Восемь часов с небольшими перерывами длился этот разговор. Восемь часов боролись двое — зам. начальника МУРа и преступник. И победить должен был тот, у кого крепче логика, сильнее аргументы, кто к этому разговору лучше готов.

А Егоров подготовился хорошо. Даже версия о том, что преступники постараются избавиться от пальто-улики, но могут пожадничать, подтвердилась при проверке комиссионных в Сочи. Десятки свидетельских показаний, документов, вещественных доказательств имел он в своем арсенале перед началом допроса. Но, может быть, самым главным была для Зайцева спокойная уверенность Егорова, что он, преступник, никуда от разоблачения и наказания уйти не сможет. И кончился допрос так, как и должен был кончиться:

— Хватит. Не могу больше… Дайте бумагу, буду писать…
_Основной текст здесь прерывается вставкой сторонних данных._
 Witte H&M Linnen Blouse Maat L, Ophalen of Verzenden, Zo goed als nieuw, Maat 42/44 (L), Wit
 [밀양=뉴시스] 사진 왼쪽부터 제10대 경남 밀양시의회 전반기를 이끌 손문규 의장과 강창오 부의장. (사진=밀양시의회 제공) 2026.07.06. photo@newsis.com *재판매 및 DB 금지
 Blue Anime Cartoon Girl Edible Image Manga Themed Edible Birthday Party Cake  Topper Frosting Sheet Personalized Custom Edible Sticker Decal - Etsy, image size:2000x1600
Инга Калинина сдалась днем раньше, увидев изъятое из магазина пальто.

Вдох-выдох, вдох-выдох…

Высокий человек в спортивном костюме и черный лохматый пес бегут по дорожке через лес. Кабинетный служащий принимает свою дозу физической нагрузки. Он бежит сосредоточенно, с полной серьезностью отдаваясь делу. Так, как он привык отдаваться всему, за что берется: не жалея сил, себя не щадя.